Fig. 2 shows that the peak value and time to peak of the LIOV are about 122 kV and 1.38 µs, respectively and the corresponding channel base current wave shape is shown in Fig. 11. In order to study the effect of the return stroke velocity on the peak value of the LIOV, Fig. 3 illustrates the variation of LIOV peaks versus return stroke velocity changes whereby all the other parameters are under the same conditions as in Fig. 2. Fig. 3 shows that when the return stroke velocity increases, the peak values of the LIOV decrease with a decreasing trend.

Fig. 3.The behavior of LIOV peak versus return stroke velocity changes (d=50m, x=0, h=10m, λ=1500m)

The effect of the velocity on the value of the time to peak of the lightning induced voltage is shown in Fig. 4 which indicates that by increasing the return stroke velocity, the value of the time to peak shows a decreasing trend.

Fig. 4.The behavior time to peak of LIOV versus return stroke velocity changes (d=50m, x=0, h=10m, λ= 1500m)

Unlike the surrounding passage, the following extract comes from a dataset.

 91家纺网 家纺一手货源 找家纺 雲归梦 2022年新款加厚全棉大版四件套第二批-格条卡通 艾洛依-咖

Moreover, the effect of conductor height on the peak value of the LIOV for different distances with respect to the lightning channel is demonstrated in Fig. 5.

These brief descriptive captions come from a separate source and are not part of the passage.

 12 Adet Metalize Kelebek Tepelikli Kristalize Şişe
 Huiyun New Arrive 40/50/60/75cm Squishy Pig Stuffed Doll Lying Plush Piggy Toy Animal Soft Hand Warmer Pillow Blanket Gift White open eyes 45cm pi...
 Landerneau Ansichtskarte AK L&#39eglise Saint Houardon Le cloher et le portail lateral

Fig. 5 shows that by increasing the height of the conductor with respect to the surface of the ground, the LIOV peaks are increased with a linear trend under two different values of the ‘d’ parameter. Moreover, it illustrates that the voltage peak has an inverse relationship with the radial distance between the striking point and the line. Therefore, in order to design a power line, especially as part of a distribution network and also to set an appropriate protection level on the line, the conductor height can play an important role in the design. However other critical issues related to the safety of lines should also be considered.

Fig. 5.The behavior of LIOV peak versus conductor height changes (x=0, λ=1500m, v=1×108 m/s)

The behaviour of the LIOV peaks versus the changes in the striking distance with respect to the middle of line is considered as illustrated in Fig. 6. Two different return stroke velocities are applied in this figure which shows that by increasing the radial distance between the lightning and the power line, the peak value of the LIOV demonstrates a decreasing and nonlinear trend.

Fig. 6.The behavior of LIOV peaks versus striking point (d) changes based on two different values of return stroke velocities(x=0, h=10m, λ=1500m)

Likewise, the behaviour of the lightning induced voltage at different points along the power line is considered as demonstrated in Fig. 7 whereby the simulated voltages are based on the proposed voltage expressions and the initial data obtained from Table 2. The values of k, k’ and q are assumed to be 3, 10 and 100, respectively.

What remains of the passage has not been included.